承太郎と対峙する相手は、人間ではなかった。
筋肉の塊のような体が宙を舞い、鋭い指――爪はなく、硬い角質に覆われている――が承太郎に向かって突き出された。
とっさに銃で防ごうと、右腕を振り上げる。
ところが、それを分かっていたかのように、相手の指は予想を大きく外れた軌跡を描いた。
あっと思う間もなく、―――承太郎の右腕は、肘から先がなくなっていた。
それはすなわち、右手が握っていた銃をもなくしたという意味だ。
拾い上げる隙など作ってくれる相手ではない。
にやり、と、相手が笑った気がした。
承太郎はその笑みを見た途端身を翻し、―――逃げた。
必死だった。
奪われた右腕がどうなるかなんて、考えている余裕はなかった。

 

承太郎の仕事は狩人だ。
とはいえ、鹿やウサギを狩るわけではない。
彼の専門は幻獣だった。
彼は今まで、逃げ出したペガサスを捕らえ、怒り狂うユニコーンを狩り、荒野で人を襲っていたスフィンクスをなだめてきた。

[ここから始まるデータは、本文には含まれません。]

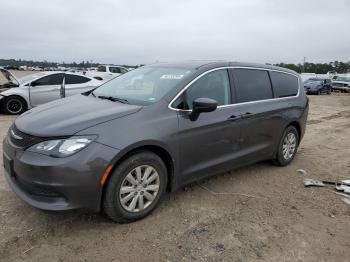  Salvage Chrysler Minivan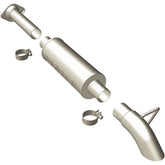 MagnaFlow 2004-2006 Jeep Wrangler 4.0L Off Road Pro Series Cat-Back Performance Exhaust System 17121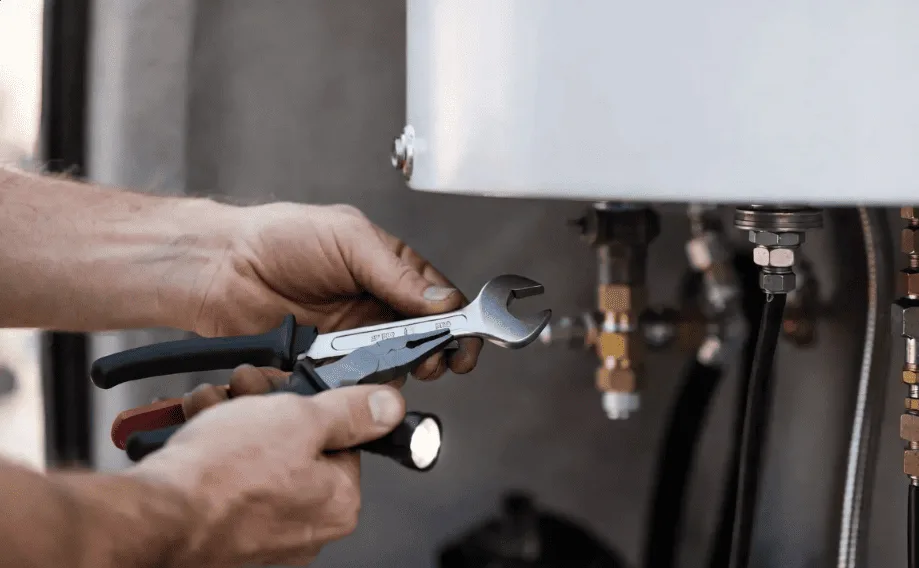 Why choose Water Heater Repair in Hunter, AR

彼が失敗知らずなのは、今彼が無事に生きているということから分かるというものだ。
彼の相手はそういう相手だった。
そして今回彼が請け負ったのが、食人鬼(グール)だった。
彼はグールと戦うのは初めてだった。
だが幾度となくシミュレーションを繰り返し、確実に息の根を止められる銃を用意した。
だが――あんなに速いとは。
グールとの戦いは圧倒的だった。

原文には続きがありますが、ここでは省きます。